These Keto Coconut Flour Pancakes are a delicious, low-carb alternative to traditional pancakes. Made with coconut flour, eggs, and cream cheese, they’re naturally gluten-free and packed with healthy fats and protein. The result is a stack of fluffy, golden pancakes with a subtle coconut flavor and a tender crumb. Whether you’re meal prepping for the week or enjoying a lazy Sunday brunch, these pancakes are a keto-friendly treat that won’t spike your blood sugar.
Ingredients (Makes 6–8 pancakes):
- 6 tablespoons coconut flour
- 4 large eggs
- 4 oz cream cheese, softened
- ¼ cup heavy cream
- 1½ tablespoons monk fruit sweetener (or preferred keto sweetener)
- 1 teaspoon baking powder
- 1 teaspoon vanilla extract
- Butter or coconut oil, for cooking
Optional Toppings:
- Sugar-free syrup
- Fresh berries (in moderation)
- Whipped cream
- Chopped nuts or shredded coconut
Source: Wholesome Yum’s Coconut Flour Pancakes Recipe
Instructions:
1. Blend the Batter
- In a blender or food processor, combine the eggs, cream cheese, heavy cream, coconut flour, sweetener, baking powder, and vanilla extract.
- Blend until smooth and creamy. Let the batter sit for 2–3 minutes to thicken slightly—coconut flour is very absorbent and needs time to hydrate.
2. Preheat the Pan
- Heat a non-stick skillet or griddle over medium-low heat. Add a small amount of butter or coconut oil to coat the surface.
- Avoid high heat, as coconut flour pancakes can brown too quickly on the outside while remaining undercooked inside.
3. Cook the Pancakes
- Pour about 2 tablespoons (⅛ cup) of batter per pancake onto the skillet.

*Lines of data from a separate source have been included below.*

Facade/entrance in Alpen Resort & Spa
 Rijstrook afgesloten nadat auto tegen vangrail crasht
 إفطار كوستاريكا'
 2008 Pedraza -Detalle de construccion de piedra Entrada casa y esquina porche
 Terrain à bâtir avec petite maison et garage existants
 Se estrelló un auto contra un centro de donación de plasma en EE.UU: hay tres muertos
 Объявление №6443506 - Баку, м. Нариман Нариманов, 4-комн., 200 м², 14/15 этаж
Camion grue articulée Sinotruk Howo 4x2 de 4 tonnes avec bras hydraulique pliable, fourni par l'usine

Use the back of a spoon to gently spread the batter into a round shape.
- Cook for 1–3 minutes per side, or until bubbles form around the edges and the bottom is golden brown. Flip carefully and cook the other side.
4. Repeat and Serve
- Continue cooking in batches, adding more butter or oil as needed.
- Serve warm with your favorite keto-friendly toppings.
Tips & Variations:
- Make it dairy-free: Use coconut cream instead of heavy cream and a dairy-free cream cheese alternative.
- Add spices: A pinch of cinnamon or nutmeg adds warmth and depth.
- Boost the protein: Add a scoop of unflavored or vanilla keto protein powder to the batter.
- Thicker pancakes? Add a bit more coconut flour. Thinner pancakes? Add a splash more cream.
Storage & Reheating:
- Refrigerate: Store in an airtight container for up to 5 days.
- Freeze: Layer pancakes between parchment paper and freeze for up to 2 months.
- Reheat: Warm in a toaster, skillet, or microwave until heated through.
Why You’ll Love These:
- Only 2–3g net carbs per pancake
- Fluffy texture with a hint of coconut
- Quick to make—ready in under 15 minutes
- Great for meal prep and freezer-friendly
- Perfect for keto, gluten-free, and grain-free diets
Would you like a keto-friendly syrup recipe to go with these? Or maybe a savory version with herbs and cheese?